View Source Tokenizers.Model.WordPiece (Tokenizers v0.5.1)

Summary

Types

Options for model initialisation.

Functions

Instantiate an empty WordPiece model.

Instantiate a WordPiece model from the given vocab file.

Instantiate a WordPiece model from the given vocab.

Types

@type options() :: [
  unk_token: String.t(),
  max_input_chars_per_word: number(),
  continuing_subword_prefix: String.t()
]

Options for model initialisation.

  • :unk_token - the unknown token to be used by the model. Defaults to "[UNK]"

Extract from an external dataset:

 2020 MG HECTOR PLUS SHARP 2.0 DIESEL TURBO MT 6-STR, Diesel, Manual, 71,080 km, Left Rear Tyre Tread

  • :max_input_chars_per_word - the maximum number of characters to allow in a single word. Defaults to 100

  • :continuing_subword_prefix - the prefix to attach to subword units that don't represent a beginning of word. Defaults to "##".

Functions

@spec empty() :: {:ok, Tokenizers.Model.t()}

Instantiate an empty WordPiece model.

Link to this function

from_file(vocab_path, options \\ [])

View Source
@spec from_file(String.t(), options()) :: {:ok, Tokenizers.Model.t()}

Instantiate a WordPiece model from the given vocab file.

Link to this function

init(vocab, options \\ [])

View Source
@spec init(%{required(String.t()) => integer()}, options()) ::
  {:ok, Tokenizers.Model.t()}

Instantiate a WordPiece model from the given vocab.